Hell or High Water, um Western moderno
Estreou no Festival de Cannes em maio passado e chegou recentemente às salas de cinema portuguesas. Hell or High Water, protagonizado por Jeff Bridges, Chris Pine e Ben Foster, é o novo trabalho de David Mackenzie, um western dos tempos modernos que promete ser um dos melhores filmes de 2016.
Pode-se dizer que é uma narrativa que se desenvolve a dois ritmos. Temos situações verdadeiramente emocionantes, repletas de ação, e outras algo paradas, cuja monotonia é deliberada pensada para o desenvolvimento das personagens e para a exposição daquilo que está por trás das suas idiossincrasias. Aliás, os protagonistas acabam por ser o verdadeiro motor desta história. Divididos em grupos muito distintos (um de polícias e outro de ladrões), o contraste entre cada um deles acaba por influenciar positivamente o decorrer do filme rumo ao seu clímax.
Temos, no grupo dos ladrões, Tanner e Toby Howard (Foster e Pine, respetivamente), que assaltam bancos da Texas Midlands para poder pagar uma hipoteca em dívida da sua falecida mãe. Enquanto Tanner é excêntrico, insano e movido pela adrenalina do crime, o seu irmão Toby é uma pessoa mais racional, astuta e contida, mas fortemente motivado por uma força maior que o leva a quebrar a lei. Uma força paternal e de arrependimento, que vos será melhor explicada se virem o filme. Não é para dar spoilers que escrevo esta crítica.
No lado oposto, o grupo dos polícias (ou Rangers, para seguir corretamente a nomenclatura texana). Marcus Hamilton (Bridges) está prestes a reformar-se e tem como última missão deter os irmãos delinquentes. Viúvo, irreverente e destemido, nutre um instinto impressionante e uma convicção cega que acaba por muitas vezes deixar o seu parceiro Alberto Parker (Gil Birmingham) à beira da loucura. Parker, apesar da sua admiração por Hamilton, nem sempre concorda com as suas opções, por ser um indivíduo racional e humilde, nunca saindo das margens da lei.

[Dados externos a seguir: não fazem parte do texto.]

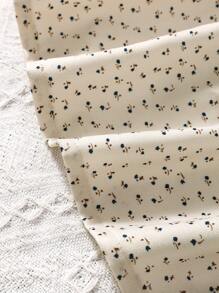 嬰兒褶邊夾克背心和碎花燈籠袖連衣裙 - 杏色 - 查看 6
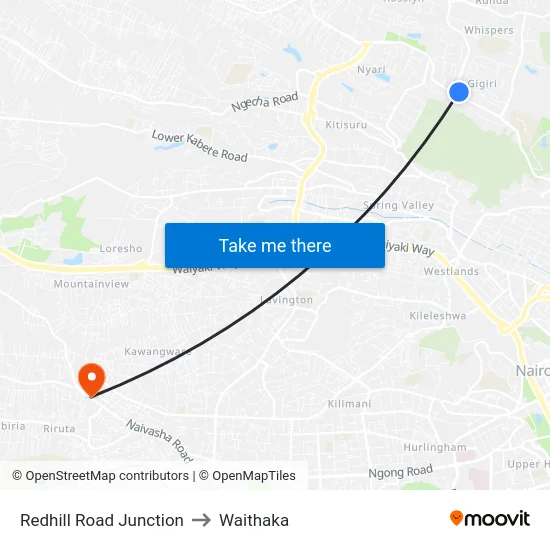 Redhill Road Junction to Waithaka map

Esta dualidade de personagens facilita a empatia com as mesmas e a compreensão dos seus papéis a cumprir no filme. Consegue demonstrar que duas personagens incrivelmente opostas se conseguem unir de forma a complementarem qualidades e fraquezas, salientando um espírito de camaradagem entre os mais distintos indivíduos. Toda esta construção de personagens edifica um sentido para a narrativa, engrandecendo-a, para além de conferir um lado mais humano e realista aos acontecimentos. É ficção, claro, mas as situações retratadas em Hell or High Water são passíveis de acontecer na vida real. Mais uma vez, vejam o filme. Vão perceber porque digo isto.
Apesar do simples enredo, não deixa de haver mistério no ar. Não há momento algum, senão já perto da conclusão, em que os nossos “polícias e ladrões” se cruzam, uma grande tática que deixa o espectador em pulgas a tentar antecipar possíveis cenários. Não há quaisquer indícios de pistas que apontem para um óbvio desenlace das várias cenas e do próprio filme. Até mesmo quando parece que existem somente dois rumos a seguir, eis que surge um terceiro vindo do nada que consegue manter a espetacularidade imprevisível da narrativa intacta.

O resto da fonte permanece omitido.